It was hoped that this settlement would become a village, for a store, blacksmith shop, printing shop and a grist mill were erected there, but in 1887 saw the end of this dream as the railway from Boissevain to Deloraine had passed nearly two miles to the north and Mr. Brondgeest, who had been one of the prime promotors, died about Christmas time and was buried on one of the hills on the ravine bank. The family then moved about two miles north to 15-3-21.

The mail now came in by train and the post office was moved to Robt. Scott's farm about two miles S.W. 5-3-21, and about 1888 to Whitewater and the name changed from Turtle Mountain to Whitewater.

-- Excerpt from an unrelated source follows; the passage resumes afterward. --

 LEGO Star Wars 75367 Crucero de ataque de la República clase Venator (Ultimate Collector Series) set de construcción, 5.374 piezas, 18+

The spring of 1888 we went to the farm of Chas. Hurt (Bleak House), 8-3-21, three quarters of a mile southeast of the new railway site-Whitewater. Father rented Hurt's homestead, 8-3-21 (Wau­ keemo-Indian name for farm by the lake). The house had been moved by capstan the previous year to 8-3-21, its present site.

Mr. Hurt had Jim McKinley, Dave Ballard and Dan Vale breaking for him that summer. Some of them had oxen. Mother boarded these men and the carpenters who were building the first store and elevator at Whitewater for Mr. Geo. Morton. The lumber for the buildings was hauled from Morton's saw mill at Lake Max.

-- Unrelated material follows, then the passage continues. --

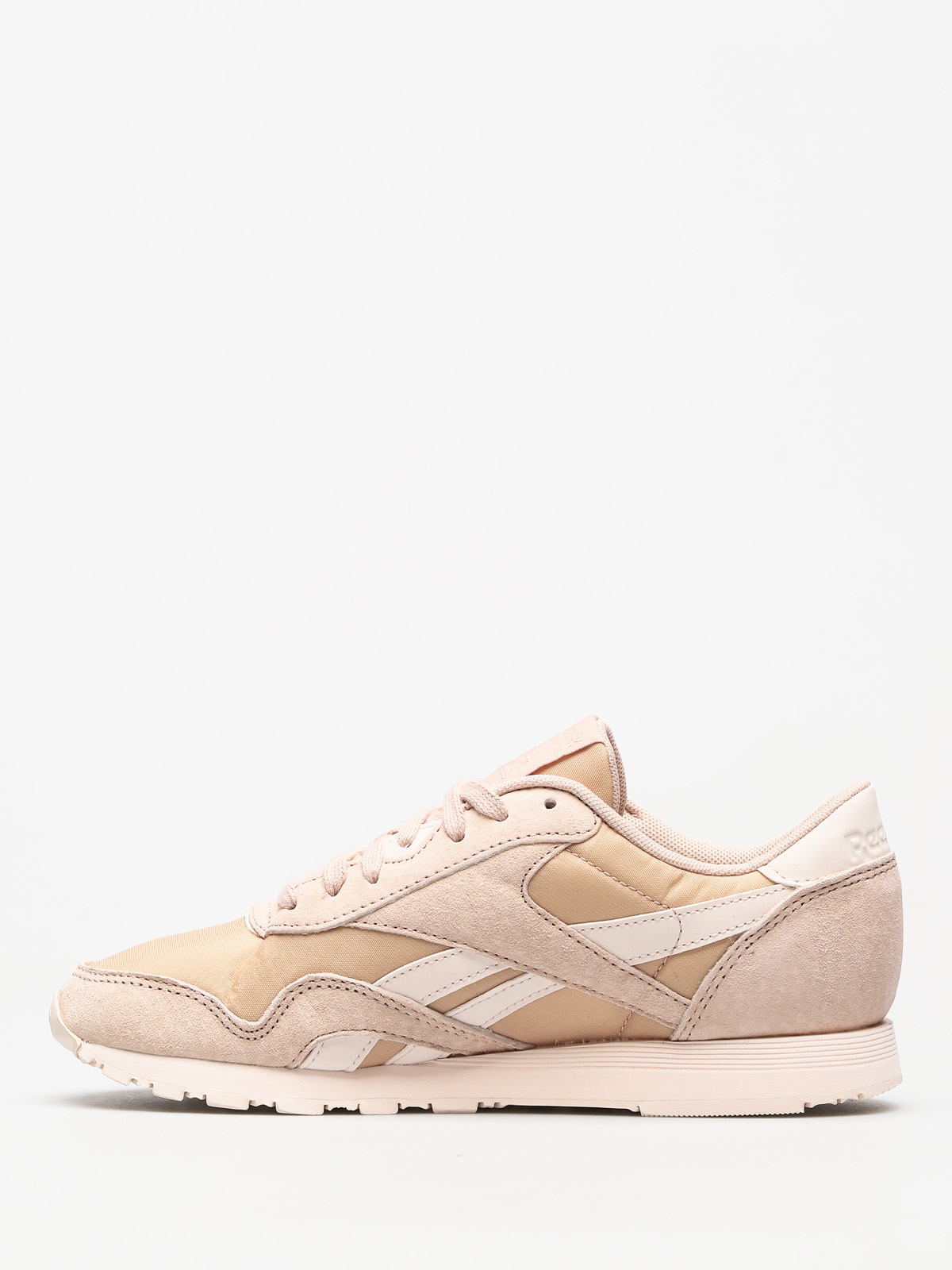 Reebok classic top nylon mujer beige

In 1888 what small acreage the homesteaders had in crop must have yielded well, for father had 1000 bushels of wheat. It was the first grain to go into the new elevator, with the price being $1.00 a bushel. The threshing was done by either Levi or Elias Jones with a new steam threshing machine run by Jake Smith.

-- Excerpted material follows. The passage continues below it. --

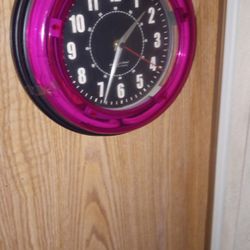Neon Clock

1889 was a very dry year with a poor crop. I remember dad had to take the knotter off the binder and put on a box to catch the heads. When the box was full the headers were lifted out with a fork and placed in heaps on the ground. The price this year was 80c a bushel.

Our neighbors at this time were Robt. Scotts; Chas. Sankey, 4-3-21; L. Thompson, 10-3-21; John Nicholson, 10-3-21; Mrs. Brond­ geest, Lou Jones (Devilish Green) 17-3-21; Hazelwoods (Liberty Hollow) 18-3-21; with Hansons (The Glen) and Kellers to the west and Dougalls and Flemings to the south.

Mrs. Hazelwood died in January 1888 and was buried on the farm as there was no near cemetery at that time. The grave was dug by Jake Smith, a bachelor neighbor. Mr. Hazelwood was killed by a train at Naples crossing in March 1891.

At this time there was a brick yard near the lake on 17-3-21 and it was run by Mr. Hyman. The machinery was later removed to Deloraine.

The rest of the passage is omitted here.